§ Data for processing:
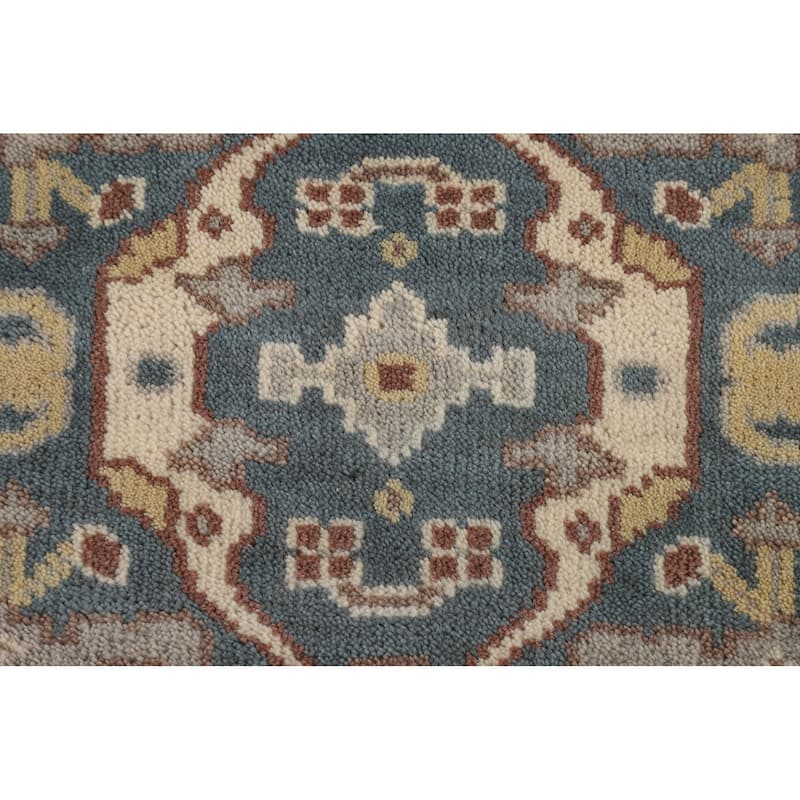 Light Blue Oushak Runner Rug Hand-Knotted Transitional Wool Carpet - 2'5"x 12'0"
==
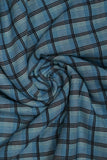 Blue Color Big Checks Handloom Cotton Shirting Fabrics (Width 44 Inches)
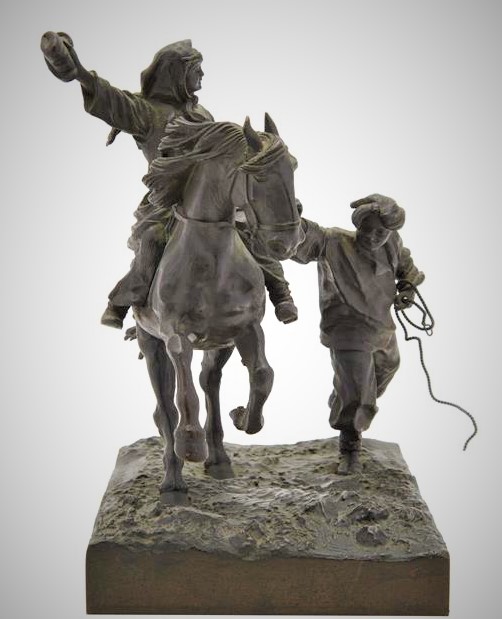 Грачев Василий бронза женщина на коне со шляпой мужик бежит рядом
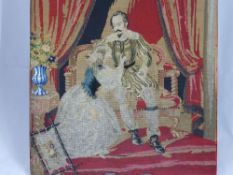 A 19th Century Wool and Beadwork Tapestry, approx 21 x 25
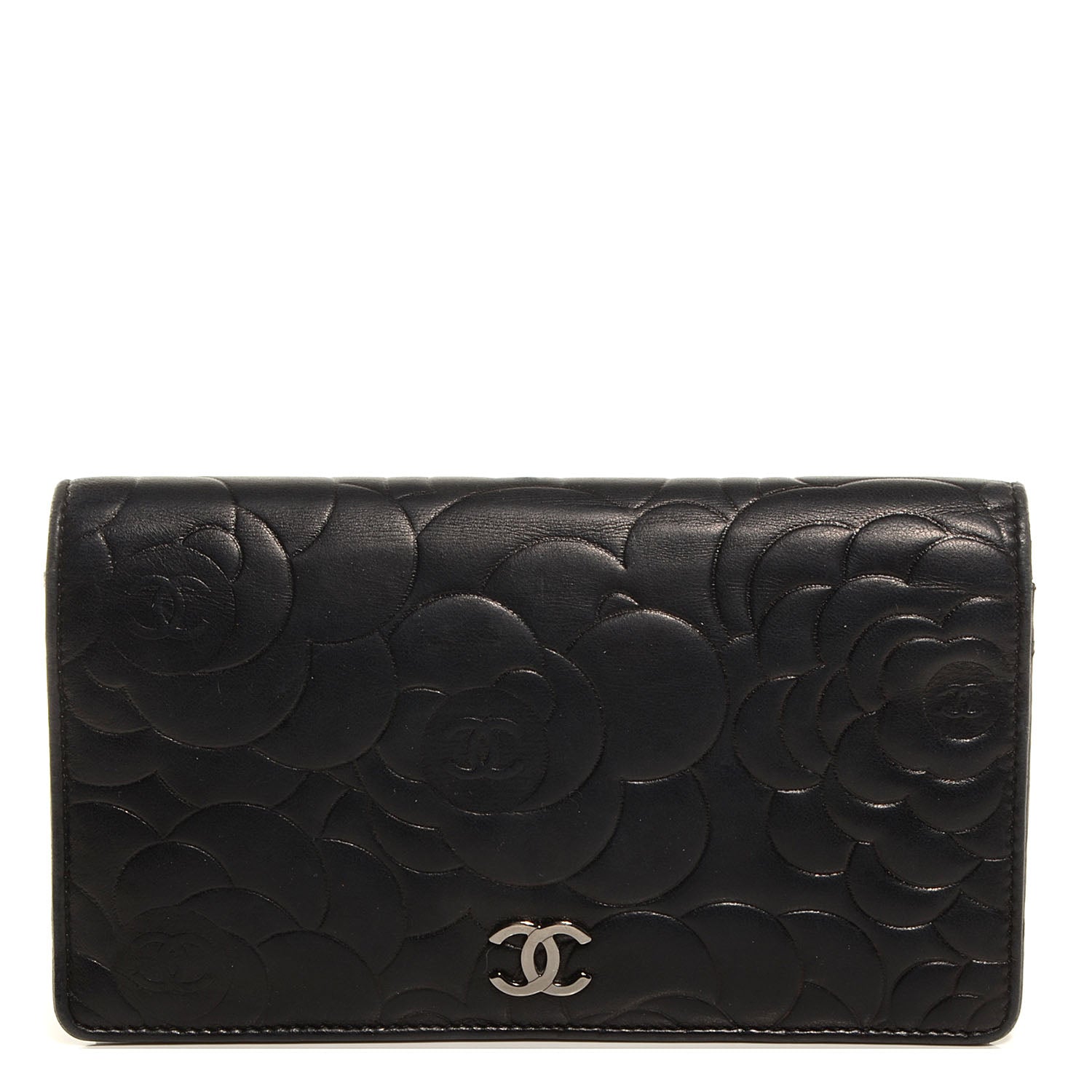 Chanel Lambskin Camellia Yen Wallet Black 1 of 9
...
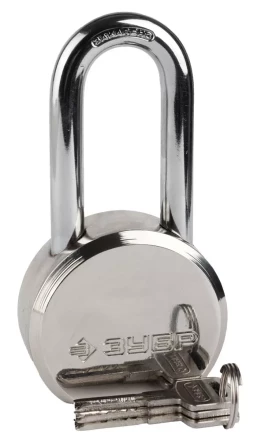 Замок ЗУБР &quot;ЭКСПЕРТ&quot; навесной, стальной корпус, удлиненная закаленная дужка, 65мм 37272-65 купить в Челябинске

§ Exercise objective: Above are the records; copy from them only the lines starting at the one containing "Blue Color Big" and ending at the one containing "Chanel Lambskin Camellia", exactly and without pictures.

§ Exercise result:
 Blue Color Big Checks Handloom Cotton Shirting Fabrics (Width 44 Inches)
 Грачев Василий бронза женщина на коне со шляпой мужик бежит рядом
 A 19th Century Wool and Beadwork Tapestry, approx 21 x 25
 Chanel Lambskin Camellia Yen Wallet Black 1 of 9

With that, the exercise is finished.